Виолалибера выглядела ужасно. Похоже, ее несколько раз вырвало, правда, непонятно чем, ведь она почти не прикасалась к еде, которую я приносил. И я не мог бы сказать, когда она в последний раз мылась.

— Идите сюда, — позвал Берн, — поближе ко мне.

Я, как обычно, повиновался, сел рядом с ним. Он сидел очень прямо, прислонившись больной спиной к стене. Виолалибера вцепилась в него с другой стороны.

— Ты тоже, — повелительным тоном сказала она Николе.

— Нет, — жестко ответил тот. — Вы что, не понимаете?

— Иди сюда, — настаивала Виолалибера.

Никола подошел к нам — и вдруг, словно смирившись с неизбежностью, уткнулся носом в колени Берна.

— Мы слишком долго были разлучены, — сказал Берн. Он как будто собрал нас в едином тесном объятии.

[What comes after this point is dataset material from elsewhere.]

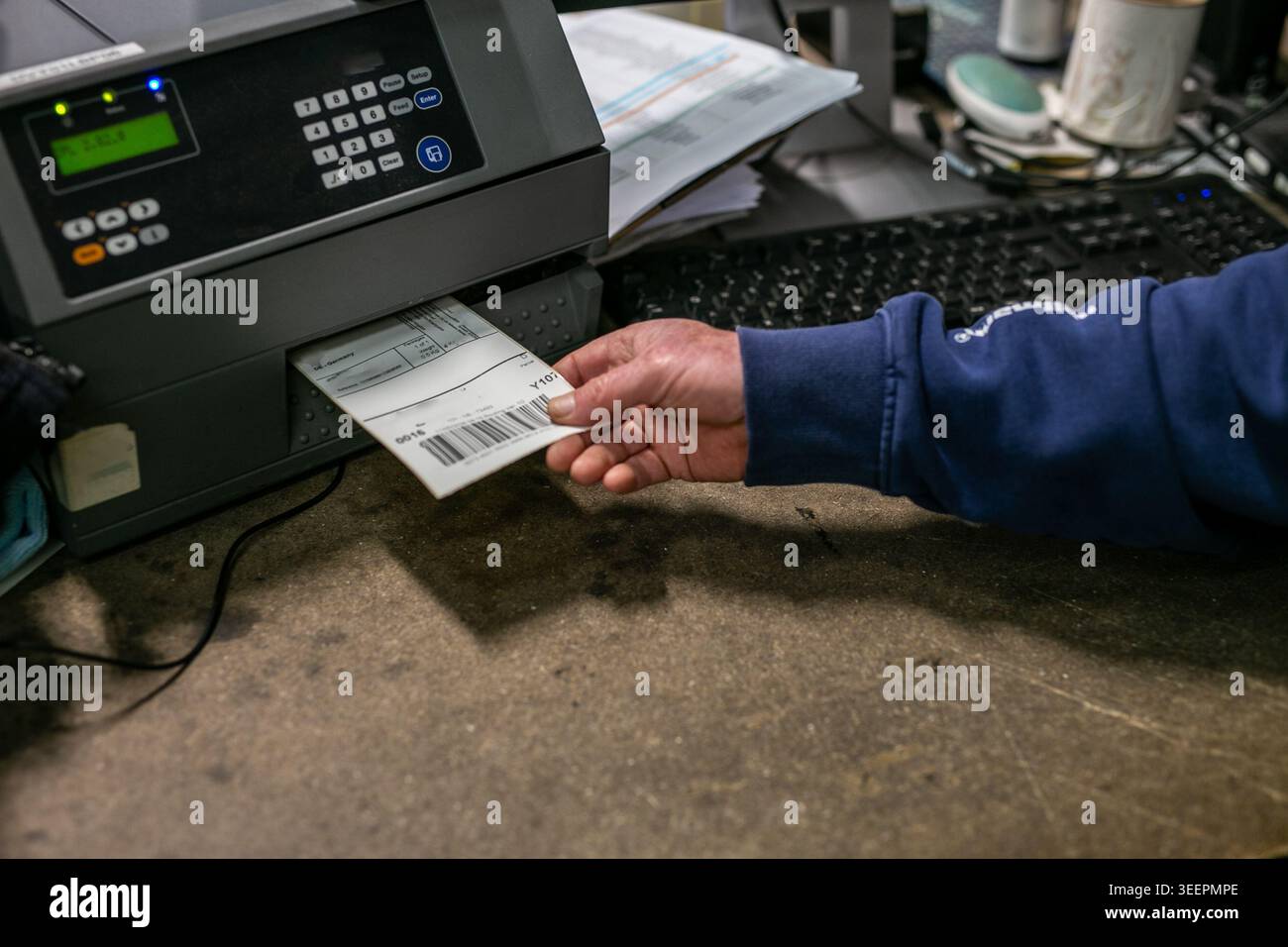 Bench Label Warehouse operative taking printed shipping labels from warehouse label ...
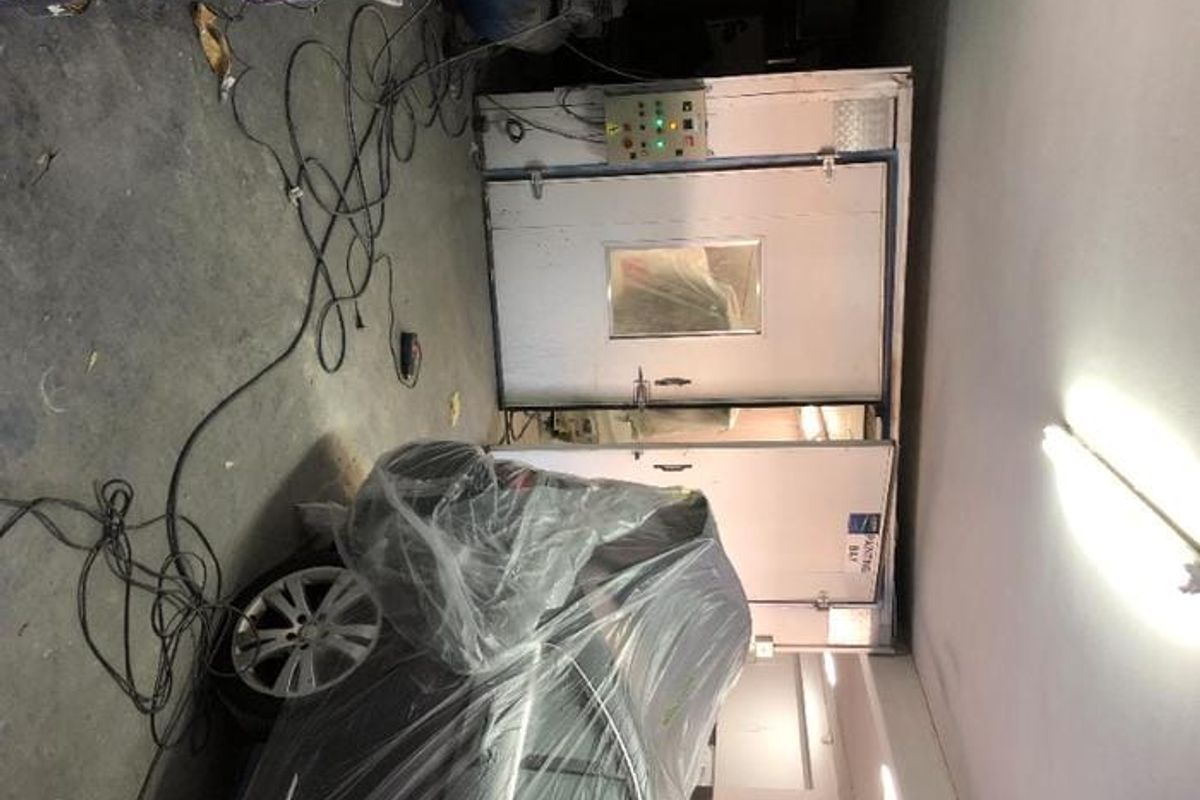 Commercial utility space featuring a dedicated industrial spray booth with integrated control panel and overhead fluorescent lighting.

И в этот момент я произнес:

— Я поеду к Чезаре.

— И что ты ему скажешь? — спросил Берн.

— Я поеду к Чезаре, — повторил я.

Никто не ответил. В этом сплетении тел Виолалибера попыталась найти мою руку. Теперь каждый из нас чувствовал прикосновение других. Разве это не была наша любимая игра? Расслабить все мускулы и нервы? А затем обследовать каждый сантиметр ее тела, со всех сторон, внутри и снаружи?

Я чувствовал, как ритмично пульсирует кровь в хрупком запястье Виолалиберы. И подумал: а в том же ли ритме бьется сердце существа, которое у нее внутри?

«Истинно говорю вам: так как вы сделали это одному из сих братьев моих меньших, то сделали мне»…

Но ведь Бога нет, а это значит, что и судить будет некому. Батарейка была почти разряжена, свет то гаснул, то загорался, выхватывая из темноты нашу четверку. Темнота. Мы. Темнота. И снова мы.

Когда я проснулся, мы все еще лежали обнявшись. Фонарь потух. Я чувствовал на руке, чуть ниже локтя, дыхание Виолалиберы, слышал храп Николы. Я оторвал щеку от ляжки Берна, влажной от пота, то ли моего, то ли его. Осторожно высвободился из переплетения рук и ног и на четвереньках пополз к лестнице. Выбравшись наружу, как всегда, испытал изумление: оказывается, мир за стенами башни все еще существовал.